‘It is difficult to believe that the jury on the evidence could have brought in a verdict of guilty.’—Daily News.
‘The evidence being purely circumstantial, as well as flimsy.’—Academy.
[N.B.—Several of the above reviewers were friendly to the book on other points.]
‘In Scotland the verdict would certainly have been “Not Proven.”’—Glasgow Herald.
‘Though the evidence is purely circumstantial, it seems at first sight so strong that no magistrate could fail to commit.’—Saturday Review.
‘The evidence of guilt is very strong.’—Monmouthshire Beacon.
‘Certainly the evidence, purely circumstantial, is very strong.’—Publisher’s Circular.
‘A case of circumstantial evidence which all seemed to point one way, and to fix a horrible crime upon a young girl.’—Weekly Sun.
‘The evidence against her is damning, though purely circumstantial.’—Literary World.

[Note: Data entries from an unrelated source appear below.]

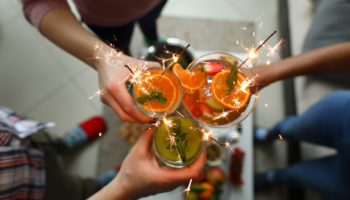 Young group friends hold in hand fruit cocktail with sparkler decoration. Christmas invite party concept. Heath care vegan summer drinks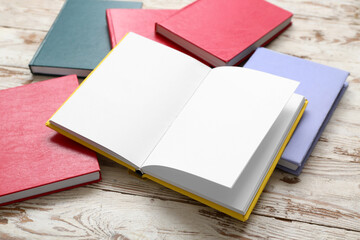 Fototapeta premium Open book with blank pages on white wooden table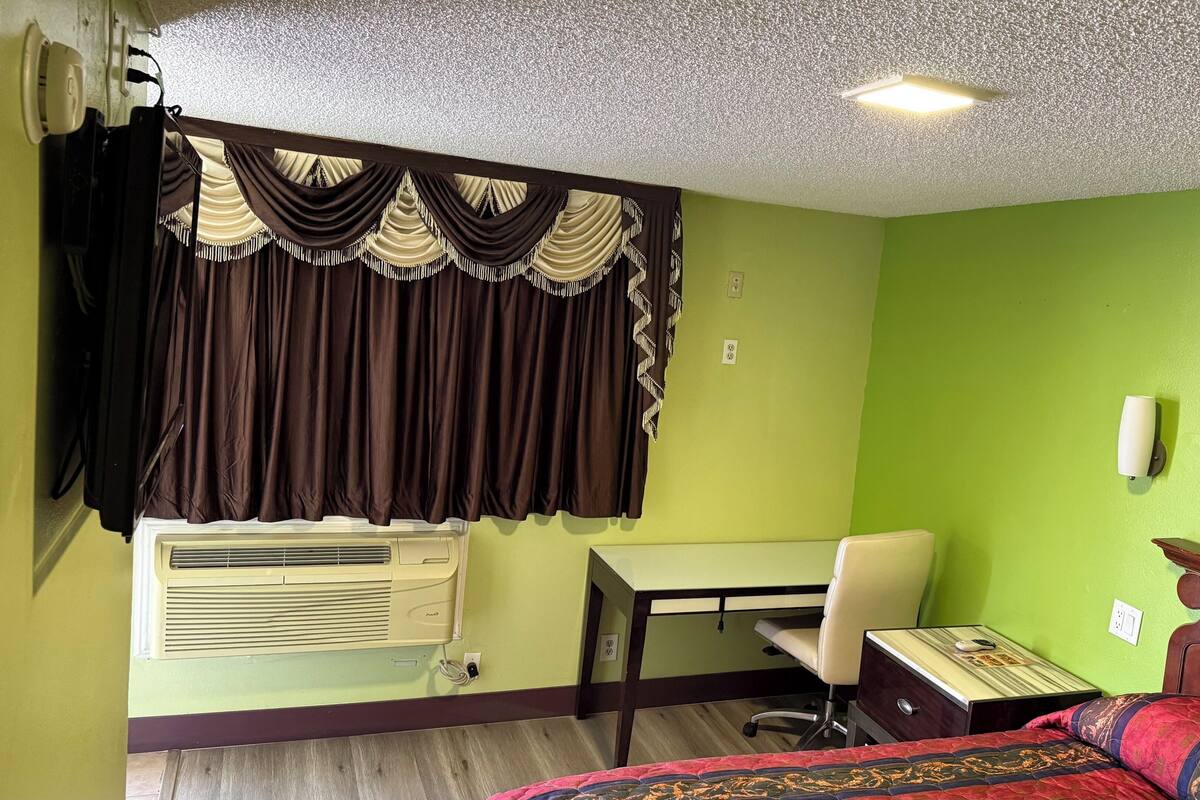 A room with a bed, a desk, an air conditioner, a chair, and a window with curtains.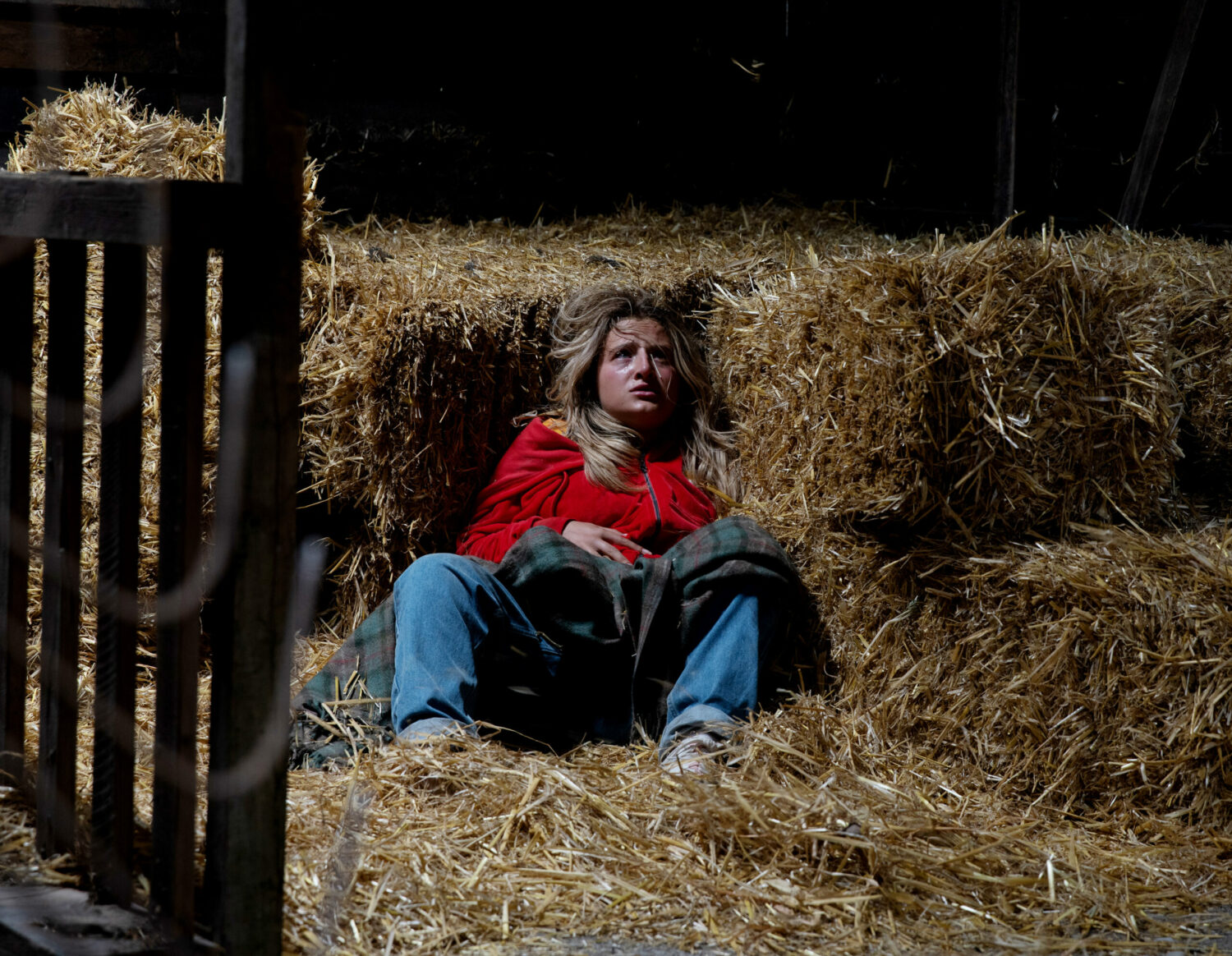 Emmerdale's Amelia lies in a barn surrounded by hay looking in pain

These extracts, taken together, seem to me to throw a most interesting light upon the subject of trial by jury—the object of a sneer in one of the above quotations. When it is possible for a number of educated minds, engaged in highly intellectual pursuits, to take such opposite views of the same set of facts, it may surely be urged that, if miscarriages of justice occasionally take place, they are due, not so much to any defects in our judicial system, as to those native diversities of the human mind which no legislation can remove. A change is fast coming over our legal procedure in the direction of dispensing with juries, and leaving everything to the decision of a single trained lawyer. Whether this change is certain to ensure greater correctness of decision is, perhaps, more open to argument than is generally supposed.